Exercise goal
Restate verbatim the span of lines below between the line with "La Palma Técnicos" and the line with "erorex Artificial Potted", including those two lines, and only that span.
Extracted material START
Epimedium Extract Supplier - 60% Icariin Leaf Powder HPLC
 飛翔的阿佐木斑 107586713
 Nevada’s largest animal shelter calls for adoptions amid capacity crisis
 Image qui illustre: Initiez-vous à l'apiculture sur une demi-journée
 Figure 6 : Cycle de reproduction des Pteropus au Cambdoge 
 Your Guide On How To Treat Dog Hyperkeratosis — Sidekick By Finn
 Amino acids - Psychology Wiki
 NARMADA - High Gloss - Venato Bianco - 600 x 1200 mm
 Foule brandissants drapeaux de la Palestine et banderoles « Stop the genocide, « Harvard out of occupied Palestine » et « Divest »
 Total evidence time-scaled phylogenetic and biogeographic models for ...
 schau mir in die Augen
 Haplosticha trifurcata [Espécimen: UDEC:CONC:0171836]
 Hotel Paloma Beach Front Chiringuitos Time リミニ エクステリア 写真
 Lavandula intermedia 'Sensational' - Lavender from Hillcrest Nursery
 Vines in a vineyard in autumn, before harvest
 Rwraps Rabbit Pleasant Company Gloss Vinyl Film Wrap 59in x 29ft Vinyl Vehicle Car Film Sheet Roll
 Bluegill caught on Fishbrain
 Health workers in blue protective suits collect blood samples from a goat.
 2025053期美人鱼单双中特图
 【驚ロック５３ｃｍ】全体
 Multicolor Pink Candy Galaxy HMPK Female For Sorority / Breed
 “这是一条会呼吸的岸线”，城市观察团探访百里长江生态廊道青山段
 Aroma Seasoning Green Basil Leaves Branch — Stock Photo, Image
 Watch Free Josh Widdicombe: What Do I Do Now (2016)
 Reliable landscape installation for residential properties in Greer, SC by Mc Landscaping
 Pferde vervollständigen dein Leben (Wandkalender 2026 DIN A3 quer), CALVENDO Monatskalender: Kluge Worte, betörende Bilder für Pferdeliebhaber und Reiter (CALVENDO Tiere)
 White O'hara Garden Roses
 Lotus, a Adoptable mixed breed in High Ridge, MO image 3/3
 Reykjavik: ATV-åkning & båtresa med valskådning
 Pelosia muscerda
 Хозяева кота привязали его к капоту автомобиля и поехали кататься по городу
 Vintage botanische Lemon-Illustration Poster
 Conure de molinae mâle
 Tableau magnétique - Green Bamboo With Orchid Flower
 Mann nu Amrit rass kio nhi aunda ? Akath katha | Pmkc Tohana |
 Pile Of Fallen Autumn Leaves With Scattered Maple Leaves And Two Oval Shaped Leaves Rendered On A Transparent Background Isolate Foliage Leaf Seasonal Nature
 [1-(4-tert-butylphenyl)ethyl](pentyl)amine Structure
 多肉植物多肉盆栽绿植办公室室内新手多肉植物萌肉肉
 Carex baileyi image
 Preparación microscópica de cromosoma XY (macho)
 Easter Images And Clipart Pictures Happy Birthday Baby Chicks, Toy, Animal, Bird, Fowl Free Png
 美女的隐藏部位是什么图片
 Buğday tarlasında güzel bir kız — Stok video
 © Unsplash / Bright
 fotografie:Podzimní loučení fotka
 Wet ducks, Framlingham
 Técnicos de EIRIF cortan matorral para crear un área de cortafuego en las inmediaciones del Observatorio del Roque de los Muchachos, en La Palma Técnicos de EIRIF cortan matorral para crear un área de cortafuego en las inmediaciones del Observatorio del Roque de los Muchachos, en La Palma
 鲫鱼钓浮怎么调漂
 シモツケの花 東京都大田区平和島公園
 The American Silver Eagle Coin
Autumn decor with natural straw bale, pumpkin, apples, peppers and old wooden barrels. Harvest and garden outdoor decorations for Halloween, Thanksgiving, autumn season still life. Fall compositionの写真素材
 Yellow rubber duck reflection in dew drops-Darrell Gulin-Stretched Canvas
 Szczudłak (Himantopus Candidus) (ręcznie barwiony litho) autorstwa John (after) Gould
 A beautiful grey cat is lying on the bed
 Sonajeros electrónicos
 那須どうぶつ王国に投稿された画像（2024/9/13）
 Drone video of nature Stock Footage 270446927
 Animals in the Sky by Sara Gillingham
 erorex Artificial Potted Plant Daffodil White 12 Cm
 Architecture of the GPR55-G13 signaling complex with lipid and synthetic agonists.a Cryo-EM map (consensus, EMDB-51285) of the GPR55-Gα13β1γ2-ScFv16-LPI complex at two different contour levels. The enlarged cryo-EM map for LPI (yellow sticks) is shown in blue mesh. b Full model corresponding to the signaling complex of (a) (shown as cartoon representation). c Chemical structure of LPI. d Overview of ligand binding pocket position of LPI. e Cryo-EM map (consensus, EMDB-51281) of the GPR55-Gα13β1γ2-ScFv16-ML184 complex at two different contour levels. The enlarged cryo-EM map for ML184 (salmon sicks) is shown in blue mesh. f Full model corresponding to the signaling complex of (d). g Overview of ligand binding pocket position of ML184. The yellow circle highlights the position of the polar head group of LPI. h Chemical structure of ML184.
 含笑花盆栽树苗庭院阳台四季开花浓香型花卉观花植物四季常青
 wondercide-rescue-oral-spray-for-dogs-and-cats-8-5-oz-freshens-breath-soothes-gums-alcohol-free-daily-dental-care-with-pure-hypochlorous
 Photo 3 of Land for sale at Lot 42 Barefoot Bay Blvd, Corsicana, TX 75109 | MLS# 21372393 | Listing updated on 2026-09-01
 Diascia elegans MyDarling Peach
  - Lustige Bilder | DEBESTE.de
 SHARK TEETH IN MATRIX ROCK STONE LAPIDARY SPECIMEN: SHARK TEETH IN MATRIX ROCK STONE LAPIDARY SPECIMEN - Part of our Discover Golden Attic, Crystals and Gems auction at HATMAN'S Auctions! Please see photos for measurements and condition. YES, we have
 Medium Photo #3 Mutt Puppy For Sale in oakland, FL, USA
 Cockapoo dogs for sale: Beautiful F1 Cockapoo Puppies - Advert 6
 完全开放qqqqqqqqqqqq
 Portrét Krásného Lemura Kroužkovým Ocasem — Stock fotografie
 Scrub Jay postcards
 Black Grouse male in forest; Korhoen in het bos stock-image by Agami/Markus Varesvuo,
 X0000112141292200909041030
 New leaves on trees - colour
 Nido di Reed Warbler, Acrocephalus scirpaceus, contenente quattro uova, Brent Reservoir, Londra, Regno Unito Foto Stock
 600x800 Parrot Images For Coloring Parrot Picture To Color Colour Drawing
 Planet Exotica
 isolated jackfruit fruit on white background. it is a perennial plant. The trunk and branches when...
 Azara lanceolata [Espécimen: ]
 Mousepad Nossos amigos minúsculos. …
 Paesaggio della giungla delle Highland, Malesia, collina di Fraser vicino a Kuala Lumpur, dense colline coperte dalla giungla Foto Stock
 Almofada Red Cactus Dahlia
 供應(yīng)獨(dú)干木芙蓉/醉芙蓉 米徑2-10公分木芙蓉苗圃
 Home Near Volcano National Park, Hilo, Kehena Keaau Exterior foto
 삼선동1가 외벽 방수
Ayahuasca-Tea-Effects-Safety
Extracted material END
Your response
 Técnicos de EIRIF cortan matorral para crear un área de cortafuego en las inmediaciones del Observatorio del Roque de los Muchachos, en La Palma Técnicos de EIRIF cortan matorral para crear un área de cortafuego en las inmediaciones del Observatorio del Roque de los Muchachos, en La Palma
 鲫鱼钓浮怎么调漂
 シモツケの花 東京都大田区平和島公園
 The American Silver Eagle Coin
Autumn decor with natural straw bale, pumpkin, apples, peppers and old wooden barrels. Harvest and garden outdoor decorations for Halloween, Thanksgiving, autumn season still life. Fall compositionの写真素材
 Yellow rubber duck reflection in dew drops-Darrell Gulin-Stretched Canvas
 Szczudłak (Himantopus Candidus) (ręcznie barwiony litho) autorstwa John (after) Gould
 A beautiful grey cat is lying on the bed
 Sonajeros electrónicos
 那須どうぶつ王国に投稿された画像（2024/9/13）
 Drone video of nature Stock Footage 270446927
 Animals in the Sky by Sara Gillingham
 erorex Artificial Potted Plant Daffodil White 12 Cm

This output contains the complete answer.